Task to complete → In the records below, find the line containing "Chris Ciruli and" and print it and every line after it exactly, through the end. Skip pictures.

Data for this task section start

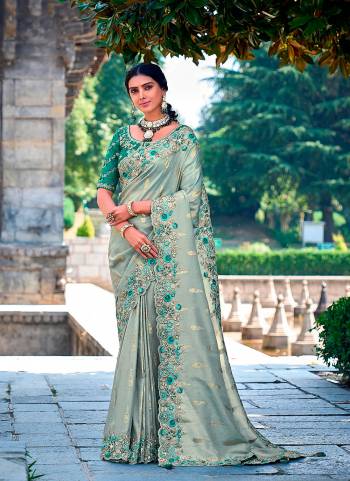 Looking These Party Wear Designer Saree in Fine Colored.These Saree Are Banarasi Silk And Blouse is Fabricated On Raw Silk.Its Beautified With Wevon Designer With Sequance,Jari,Thread Embroidery Work.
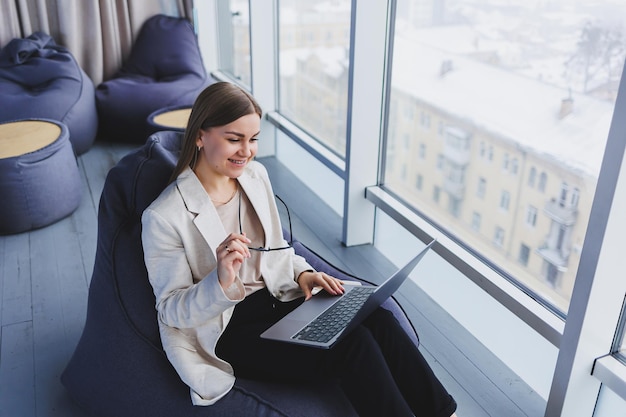 Succesvolle vrouw in vrijetijdskleding typt op een netbook terwijl ze aan een nieuw project werkt terwijl ze aan een bureau zit in een moderne werkruimte Zakelijke dame in een jas en bril Telewerken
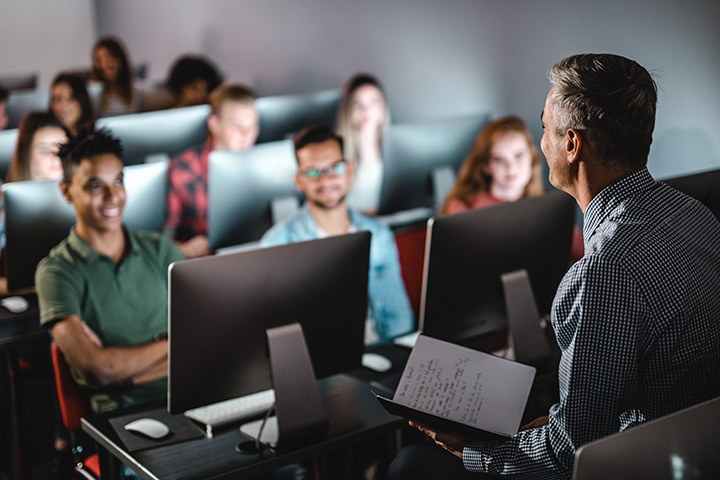 Teacher teaching in front of a group of students with laptops open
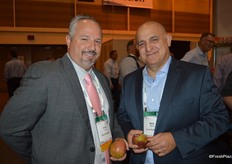 Chris Ciruli and Mark Cassius with Ciruli Brothers, showing mangos.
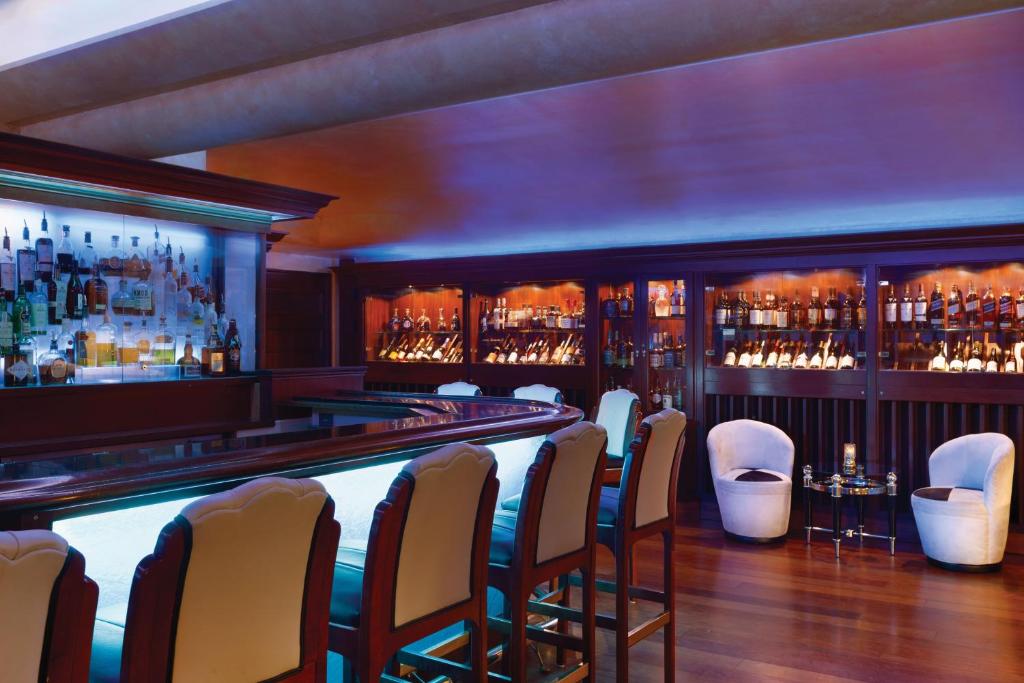 a bar with a row of chairs in a room at Harrah's Lake Tahoe Hotel & Casino in Stateline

Data for this task section end

Worked solution →
 Chris Ciruli and Mark Cassius with Ciruli Brothers, showing mangos.
 a bar with a row of chairs in a room at Harrah's Lake Tahoe Hotel & Casino in Stateline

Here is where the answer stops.